Costa-Gavras’s CEO protagonist is younger than his corrupt colleagues, although the uncharismatic Elmaleh isn’t helped by his efforts to speak in an American accent, which sounds like a Richard Gere comic imitation.
The hero of Capital ends up only slightly less compromised than his elders.
His main Achileas tendons are the stockholder demands and an uncontrollable lust for Nassim.
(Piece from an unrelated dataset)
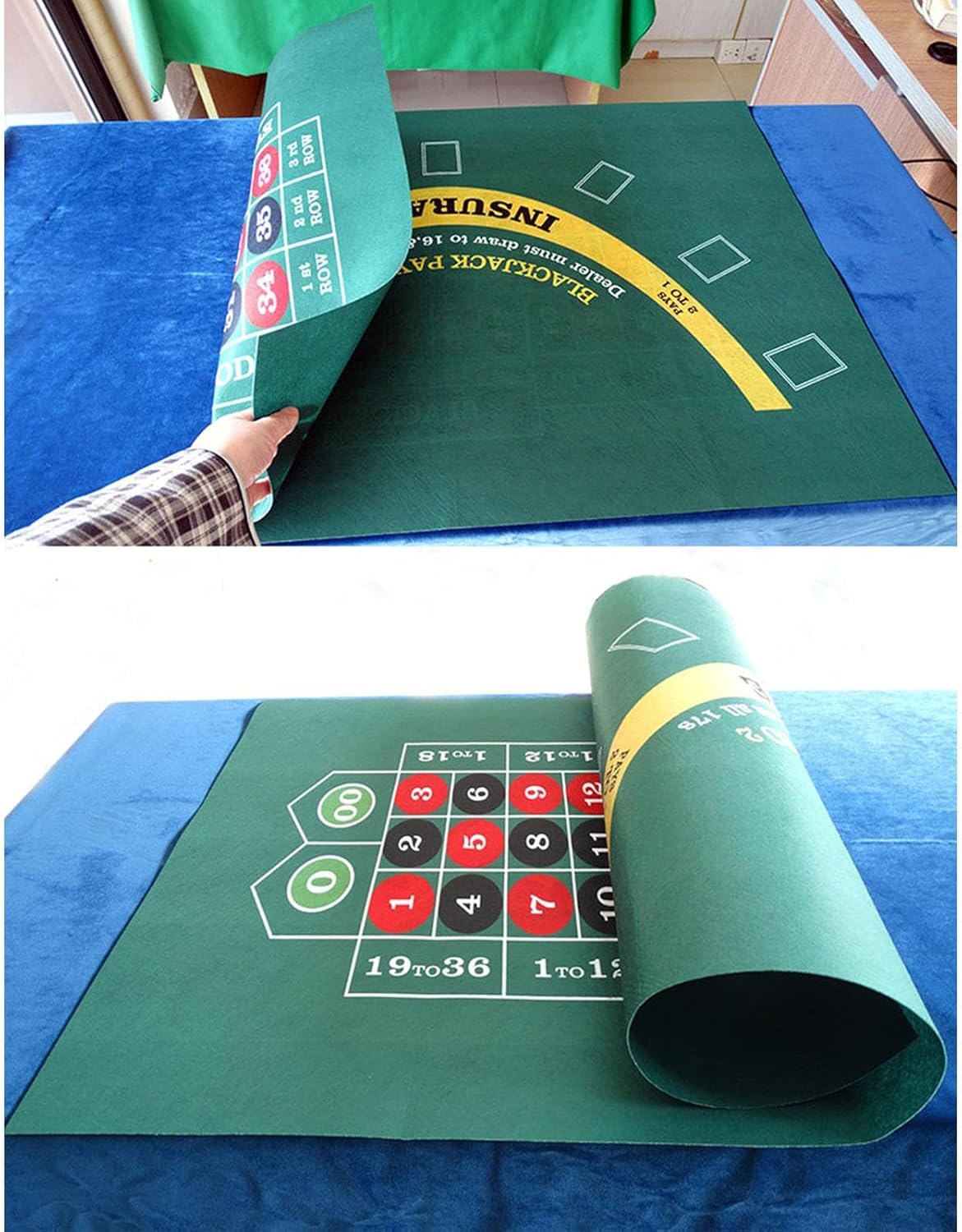 Double-Sided Poker Mat, Craps Table & Blackjack Felt, Roll-Up Roulette Tabletop Mat for Coffee Table Craps & Blackjack (23.62 X 35.43 In) image number 2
A lust and a consumption that might make Dominique Straus Kahn blush (or arrouse) in at least one scene.
Costa-Gavras is hypnotizing the audience with the message that executives can’t be expected to preserve their values, given the system in which they’re working.

His movie doesn’t tell us much more than that, and a lot less than what we can read in the newspaper.
 
But right now I am more tantalized by a very emotional, yet minimalistic, poetical yet ultra dramatic film: REBELLE ( War Witch) ( Canada 2012, 90 min, DIRECTOR Kim Nguyen, CAST Rachel Mwanza, Alain Bastien, Serge Kanyinda, Ralph Prosper, Mizinga Mwinga, WORLD SALES  Films Distribution)

After a day when I vomited my mental guts watching images of german 80 years old people having spongious sex (!!!!!!), or a gorgeous looking japanese male actor installing a cheap clownesque acting in another very boring and missionary film....

Beginning as a hard-edged depiction of children abducted in an African village and forced to become child soldiers, the story quickly expands into multiple layers,
from hallucinatory to familial.
The journey is never easy for Komona, one of the abducted children, said to have magic in her because she manages to survive a barrage of bullets in a jungle ambush.

However, director Kim Nguyen gives us far more than a film of hardship.
It is a film with rich, detailed views of both African fighting and the daily life that goes on around it.
Some of the characters still seem like archetypes, but Rachel Mwanza’s performance as Komona beautifully carries us into all the different facets of Africa that Nguyen tries to explore.
 At the same time, as Komona takes on the role of a stubborn survivalist, escaping forced marriage to a gang-leader and finding her way back home, "War Witch" develops into a thoroughly suspenseful tale that advances its themes instead of simplifying them.
 When Komona sees the ghosts of her murderers relatives, it's not a supernatural twist, but rather Nguyen's manifestation of the fears of this vulnerable protagonist.



Abounding with tribal sights and sounds, "War Witch" is capitalizing on the spiritual elegance of African rituals.
But the film is also the scene of a very delicate teen love story, where its protagonists, however horrors have they endured, are evolving with pudicity, with the charming tenderness of their childish innocence and age!
 It all touches pure Expressionism and,  by emphasizing her environment, "War Witch" universalizes her story!